Objective: To investigate whether monthly administration of vitamin A at routine immunisation produces any side-effects, and to examine the effect of this supplementation on the vitamin A nutrition status of infants.
Design: A double-blind randomised placebo-controlled clinical trial.
Setting: Immunisation clinic of a large diarrhoea treatment centre.
Subjects: Infants aged 6-17 weeks who will receive their first diphtheria-pertussis-tetanus/oral polio vaccine (DPT/OPV) dose.
Methods: Infants were randomly assigned to receive either 25,000 IU vitamin A or placebo.

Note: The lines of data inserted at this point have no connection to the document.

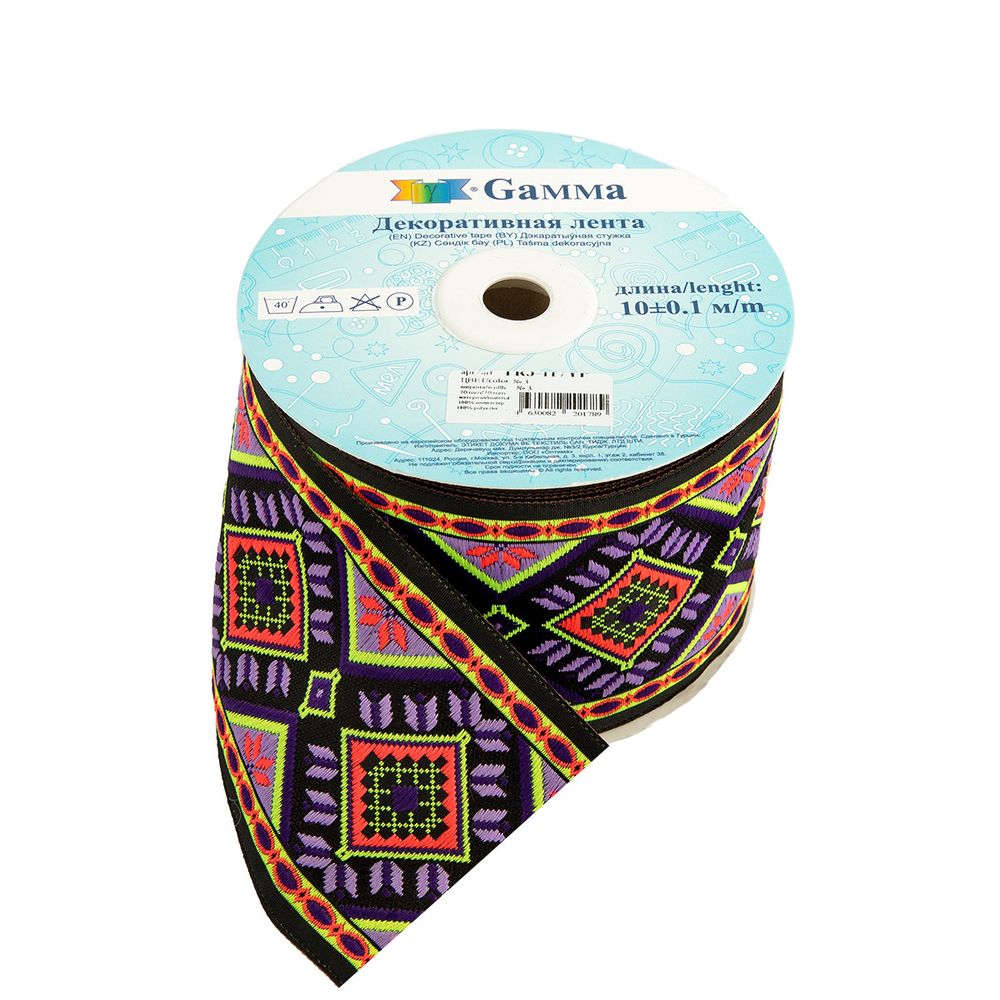 Лента (тесьма) жаккардовая 70.0 мм / 10±0.5 метров, 3, Gamma TRJ-117YP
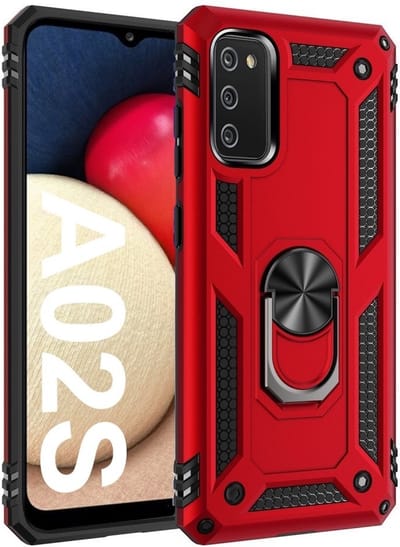 Hoesje Geschikt Voor Samsung Galaxy A02s hoesje Hybrid Armor Anti-Shock hoesje Rood - Galaxy A02s / A02s Hoesje kickstand Ring houder cover TPU backcover hoesje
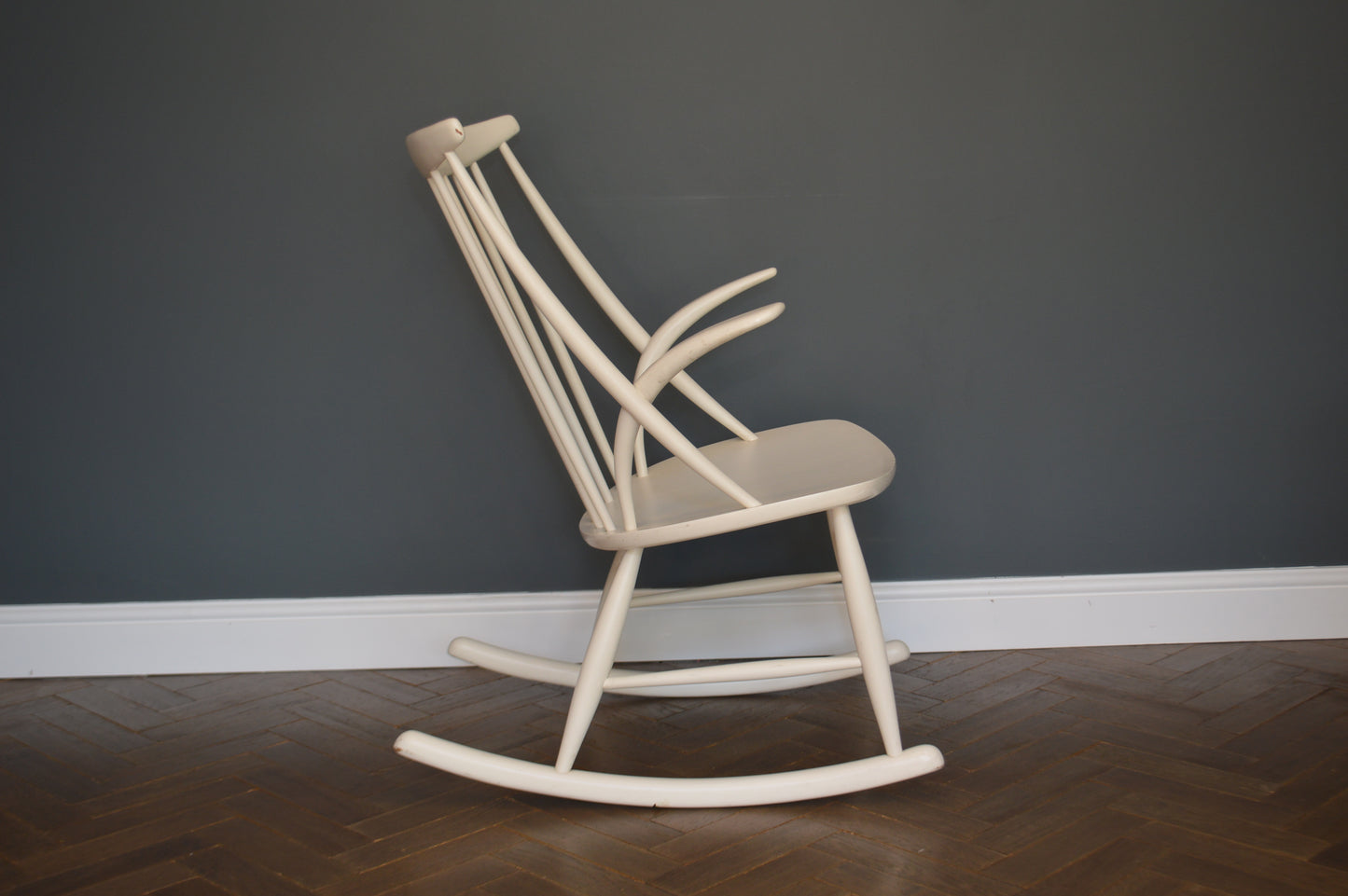 Vintage Danish Rocking Chair By Illum Wikkelso In White, 1960s.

Three such doses were given with each immunisation dose at monthly intervals. Infants were examined by a physician before and during 24 h after the doses and any signs of toxicity were recorded. Venous blood was drawn at entry and 1 month after the 3rd dose for retinol assay.
Results: One hundred and one infants received vitamin A and 98 received placebo. Decreased feeding, irritability, diarrhoea, and vomiting were comparable between the two groups. In the vitamin A group five infants developed bulging fontanelle; three of them developed it once (after 1st, 2nd and 3rd dose respectively), one developed it twice (after both the 2nd and 3rd dose), and the other infant after all three doses. In the placebo group a single child developed bulging fontanelle after the 3rd dose. In all the cases the bulging disappeared within 48 h of onset except in one infant, in whom it subsided at 60 h. The total bulging episodes in the vitamin A and placebo groups were 8 and 1 respectively (RR = 7.7; P < 0.04). However, none of these infants had irritability. At entry fasting retinol level was < 10 micrograms/dl in 35% infants and in 87% infants it was < 20 micrograms/dl. After the third dose fasting retinol level was marginally better in the vitamin A group (mean +/- s.d.: 21.9 +/- 8.2 vs 19.2 +/- 7.8; P = 0.05). However, 47% infants receiving supplementation still had serum retinol level <20 micrograms/dl.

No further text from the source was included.